• WHAT THE EXERCISE ASKS
The full listing, word for word and free of images, is the expected result.

----- GIVEN INFORMATION

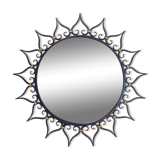 Vintage Black metal sun mirror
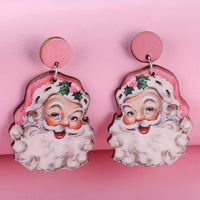 Pretty in Pink Santa Earrings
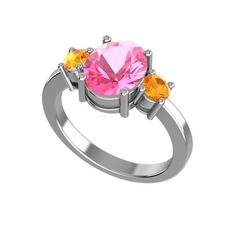 Pembe kuvars ve sitrin 18 ayar beyaz altın yüzük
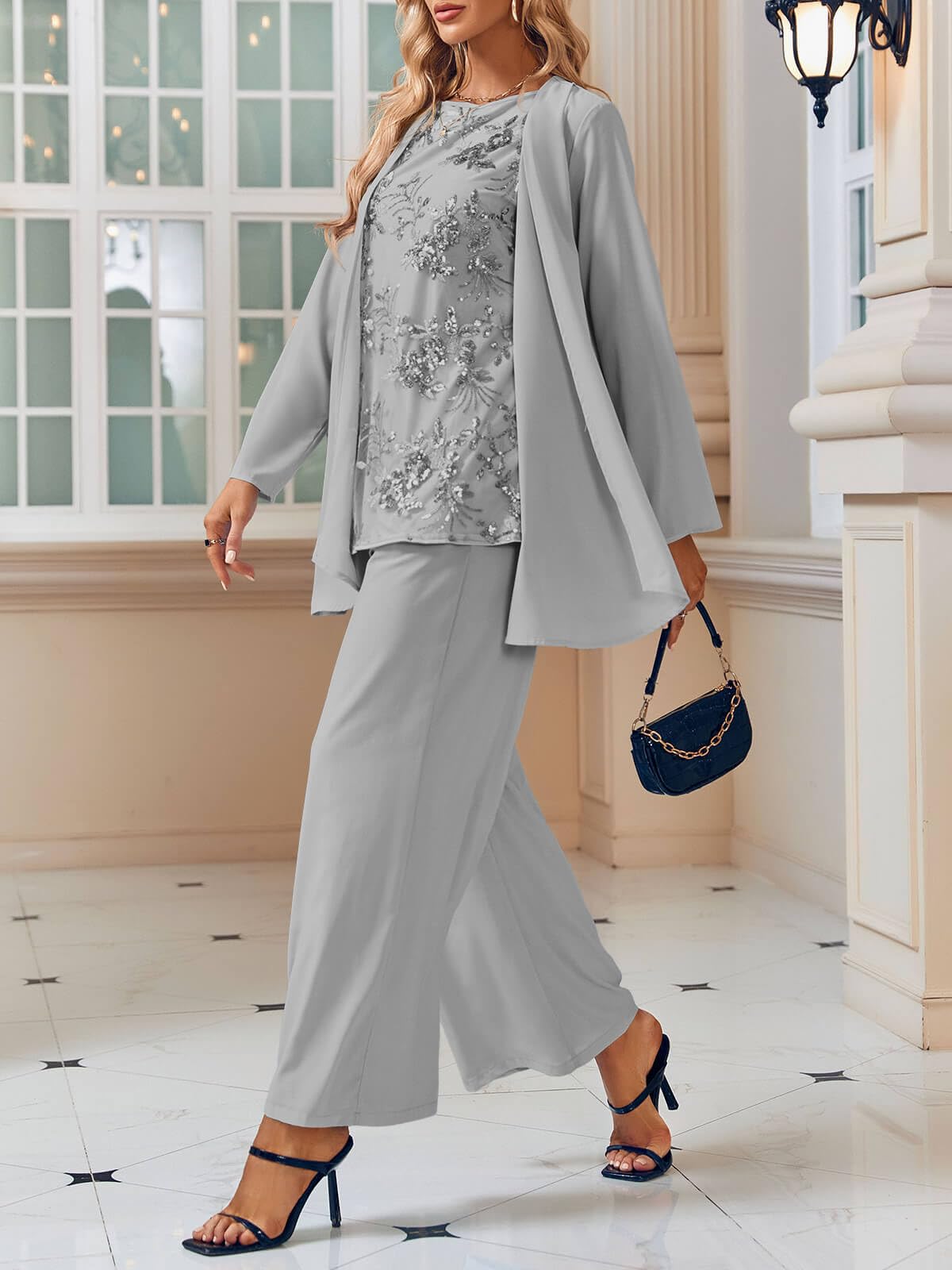 Elegant Women's 3-Piece Lace Pantsuit Set - Mother of the Bride Outfit, Wedding Guest Formal Attire, Plus Size Dressy Suits for Special Occasions | Perfect for Weddings, Parties, and Formal Events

----------

• ANSWER
 Vintage Black metal sun mirror
 Pretty in Pink Santa Earrings
 Pembe kuvars ve sitrin 18 ayar beyaz altın yüzük
 Elegant Women's 3-Piece Lace Pantsuit Set - Mother of the Bride Outfit, Wedding Guest Formal Attire, Plus Size Dressy Suits for Special Occasions | Perfect for Weddings, Parties, and Formal Events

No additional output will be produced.